## Supplied material

────

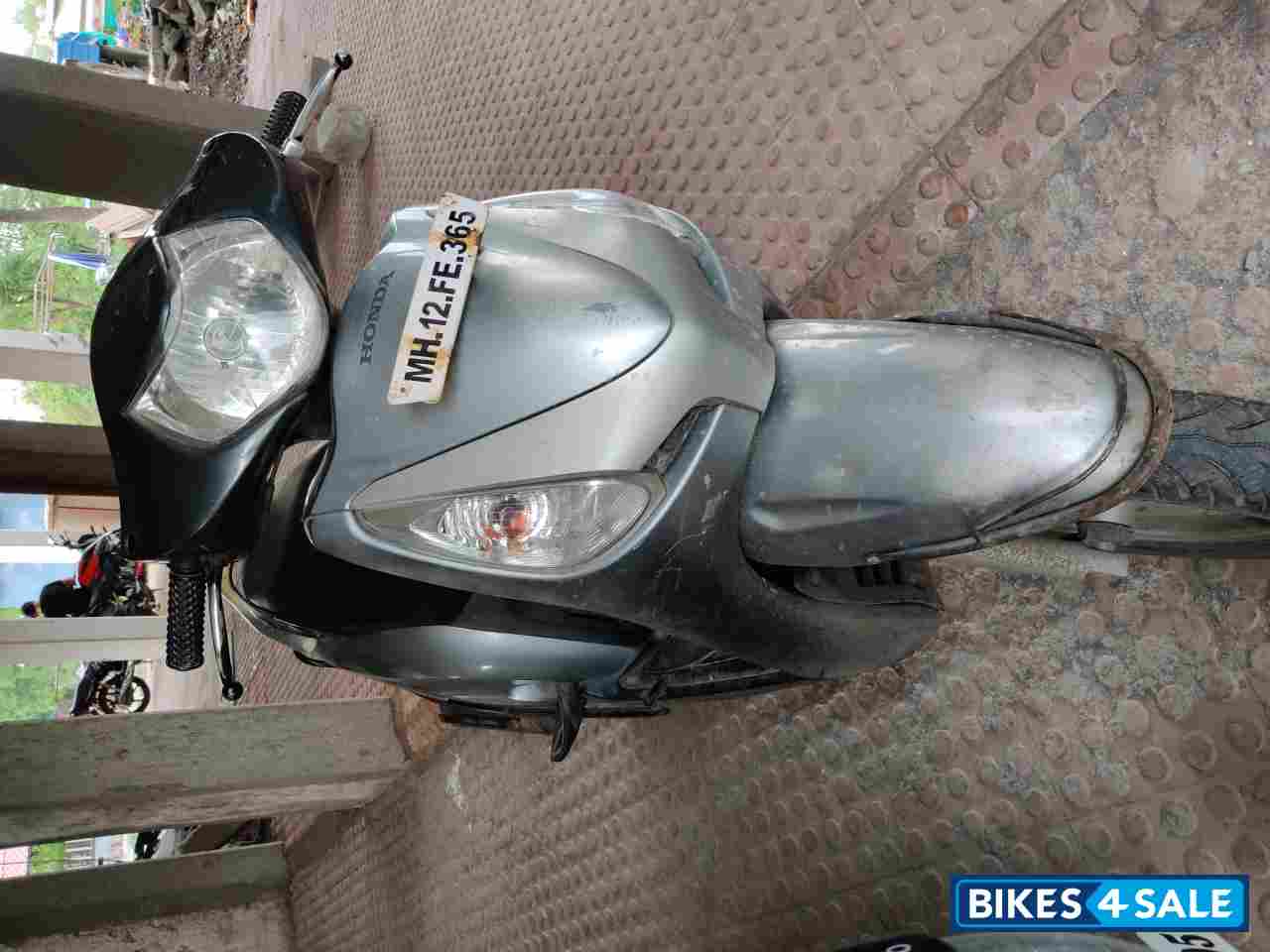Silver Honda Aviator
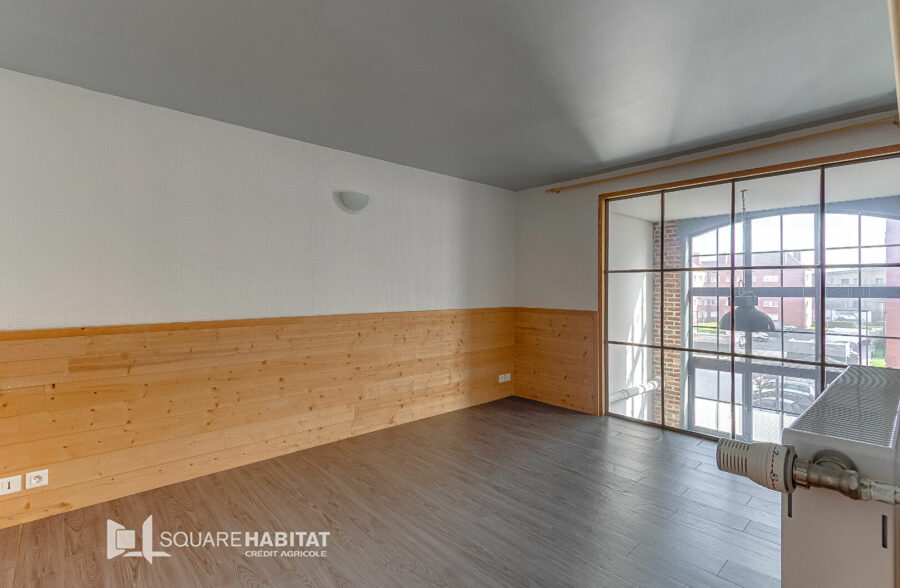 EN EXCLUSIVITÉ ! LOFT T3 DE 131 m² + place de parking AU C–UR DE ROUBAIX! 199 000€ FAI !!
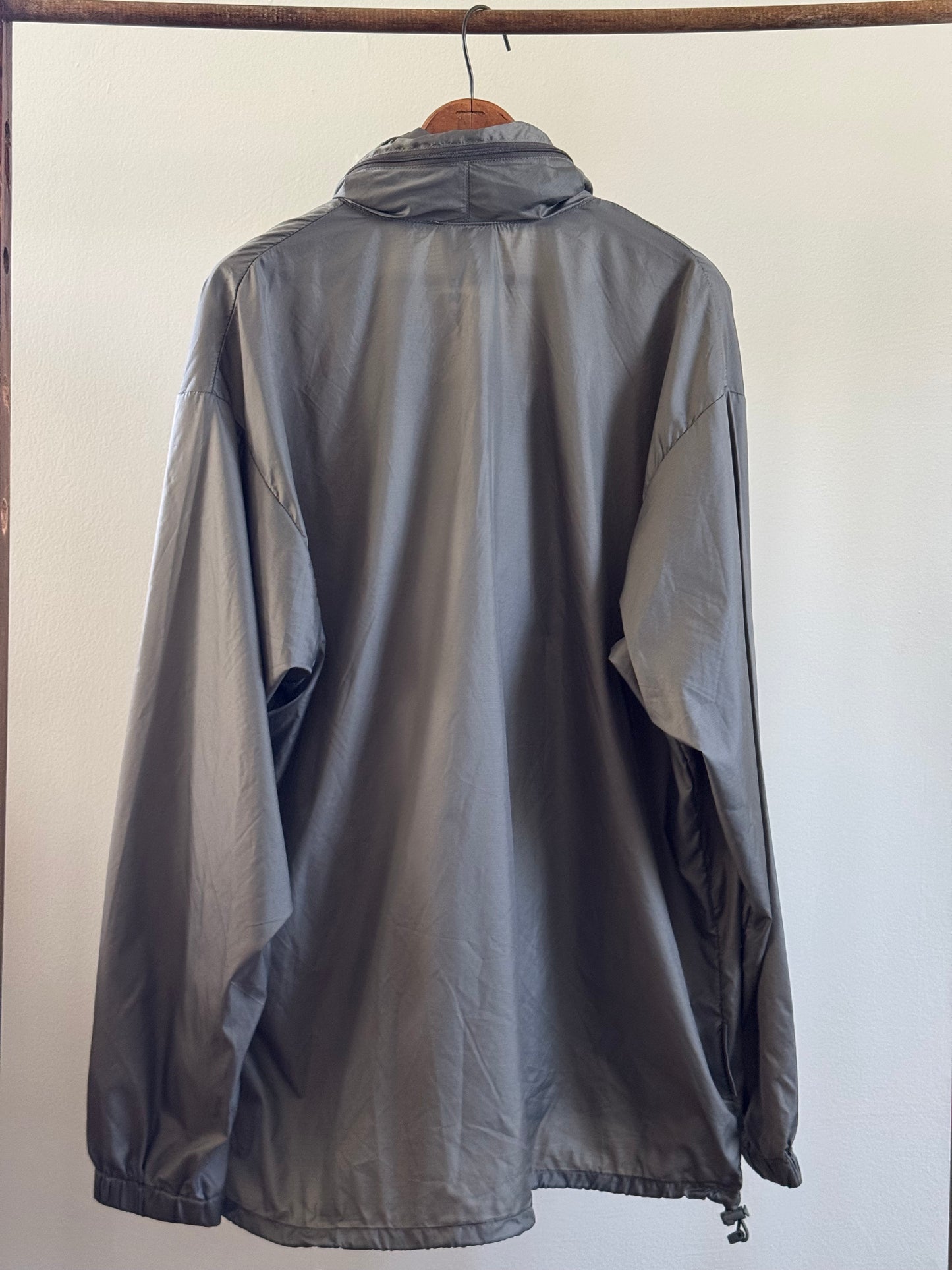 Vintage Wind Breaker in Taupe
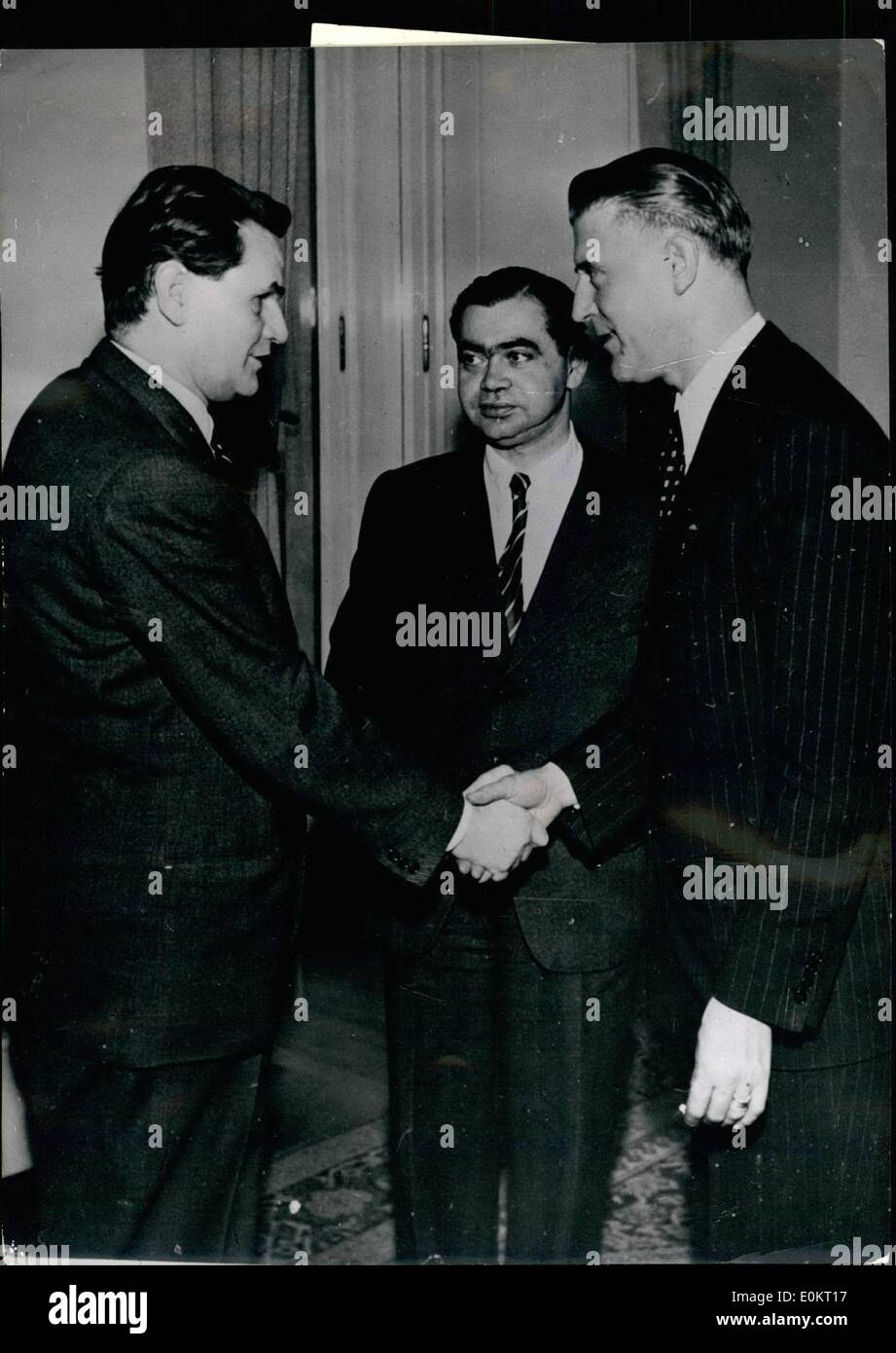 Il 12 Dic. 1949 - Commercio accordo firmato tra la Cecoslovacchia e il Belgio e il Lussemburgo.: Signor Viliam Siroky, Vice Premier e deliberando il Ministro degli Esteri di Praga (sinistra) stringono le mani con il Conte Hubert Carton de Wiart dopo la firma a Praga del nuovo accordo commerciale tra la Cecoslovacchia il Belgio e il Lussemburgo. Foto Stock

────

Retype exactly. Include each line from the start of the material through the line holding "Vintage Wind Breaker in Taupe", and leave the pictures out.

## Written answer
Silver Honda Aviator
 EN EXCLUSIVITÉ ! LOFT T3 DE 131 m² + place de parking AU C–UR DE ROUBAIX! 199 000€ FAI !!
 Vintage Wind Breaker in Taupe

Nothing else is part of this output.